Where does that leave Intel as an investment? Well, there are two schools of thought. On one hand, you have ARM Holdings (ARMH). ARM is a chip company at this point that is more of a growth company. ARM is expected to grow revenues by 11% this year and 15% next year. ARM pays a small dividend, twice a year that varies by payment. Based on the last two payments, the yield is about 0.75%. On the other hand, you have Intel. Intel isn't growing revenues as fast (about half the pace of ARM currently), but Intel is more of a value play. Intel currently yields about 3.52%, and is buying back billions of dollars in stock each year. Analysts view both companies as slight to moderate buys right now, with the average price targets representing 15% upside in Intel and 38% upside in ARM.
So what does that mean for the stock currently? Well, as you can see from the chart at the bottom, Intel is currently at the lower end of its 6-month range. Shares have declined almost $4 from their 52-week high of $29.27 on May 3rd. Intel shares declined more than 2 percent Tuesday, thanks to the AMD warning and market weakness. However, shares of Intel are flat over the last 6-months, while AMD is down 10% and ARM Holdings is down about 22%.
As for my personal recommendation, I would advise those thinking Intel will cut its full year forecast to wait before entering. Should Intel come down to say $24 next week, you could pick it up there. In the past, I have been recommending selling upside Intel calls. About a month ago, when Intel was just a few cents lower than it was now, I recommended selling September 2012 $28 calls. So far, Intel has stayed below $28 and that trade has been working.

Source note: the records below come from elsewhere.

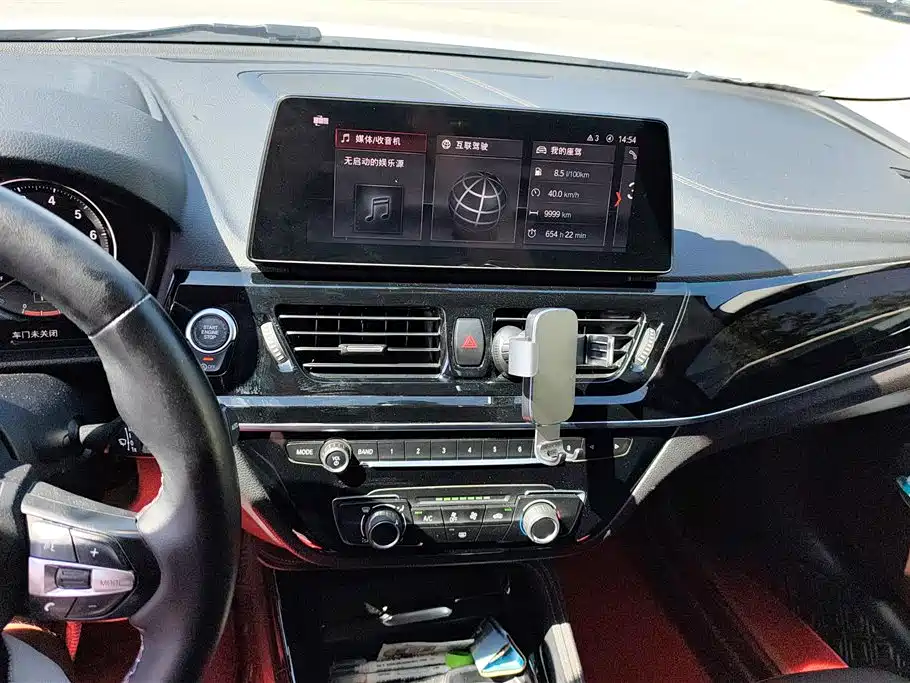 BMW 1 Series 2021 125i M Sport Black Night Edition фото 13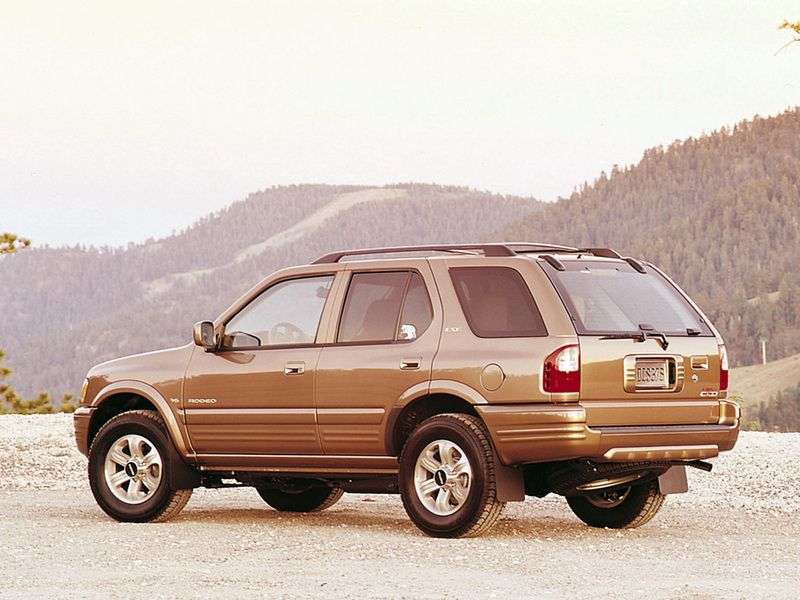 Isuzu Rodeo SUV pierwszej generacji, 5 drzwiowy. 3,2 MT 4WD (1998 obecnie)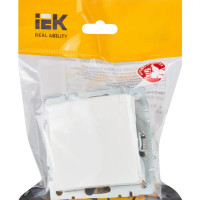 Розетка встраиваемая IEK Brite РСбш10-3-БрБ с заземлением с крышкой и шторками цвет белый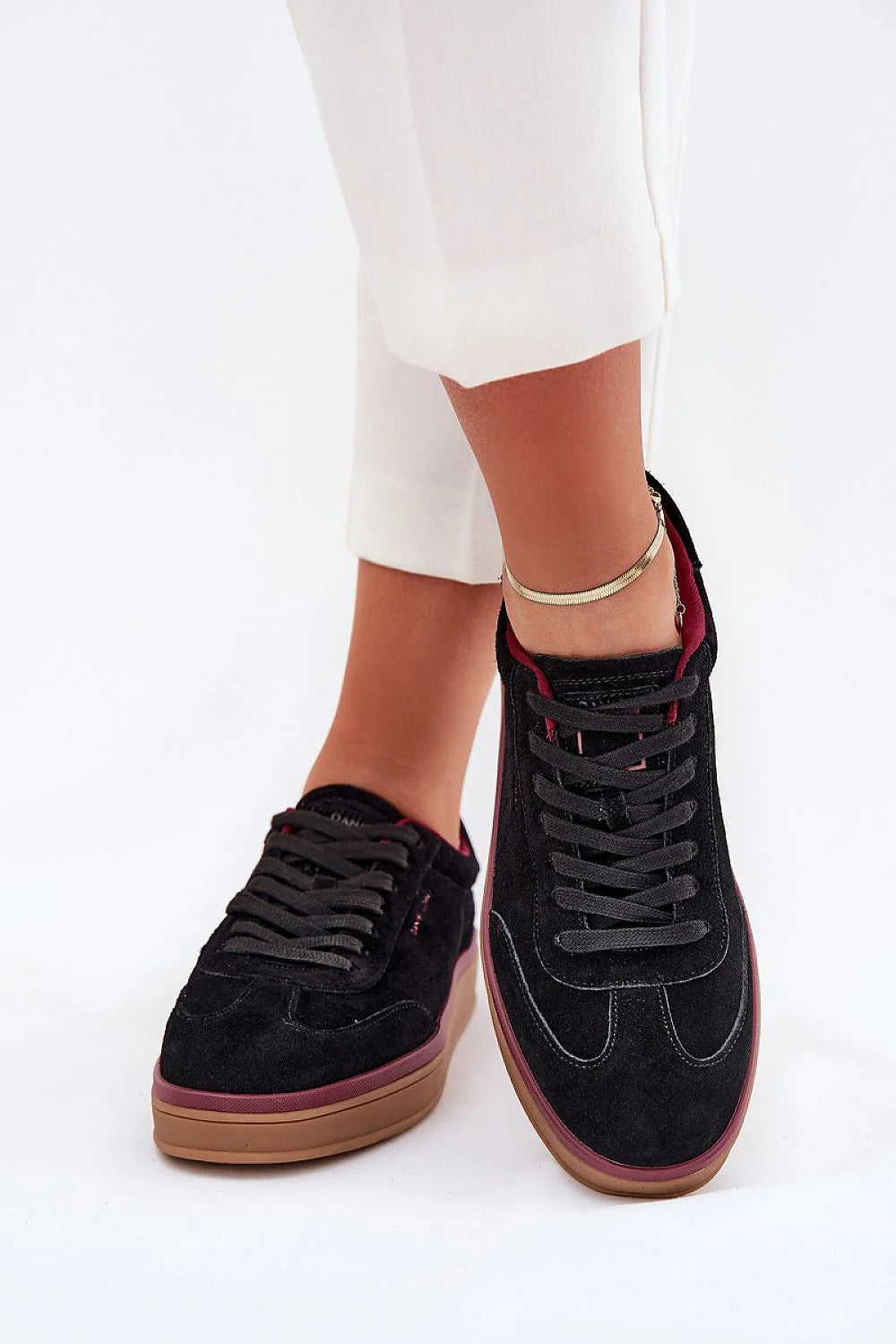 Chaussures de sport pour femmes design moderne élégant tige en daim noir accents bordeaux semelle en caoutchouc baskets BIG STAR SHOES Daniel Lopez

Should Intel cut its forecast for the year, I think that will put a short-term ceiling on the stock, meaning I don't believe it can get back to $28 by September.
An interesting trade to consider currently is the selling of January 2013 $24 puts, which last traded for $1.40 on Tuesday. The trade is simple. If Intel stays above $24 until January and the put holder does not exercise, you pocket the $1.40, which gains you about 5.5% (on today's price) over roughly 6 months. If the puts are exercised, you are forced to buy Intel shares at $24, but since you pocket the $1.40 premium, you are essentially getting them at $22.60 (all of this excluding commissions for simplicity). That's $3 below today's price, and I don't see Intel going much lower than that. The ability to buy Intel $3 lower than today's price or pocket $1.40 over 6 months seems like a good idea. Now remember, if you think Intel is going to reduce its forecast and fall, wait until next week to execute this trade. At that point, you might be able to sell the $22.50 puts for $1.40 then.
(Source: Yahoo! Finance)
Disclosure: I have no positions in any stocks mentioned, and no plans to initiate any positions within the next 72 hours.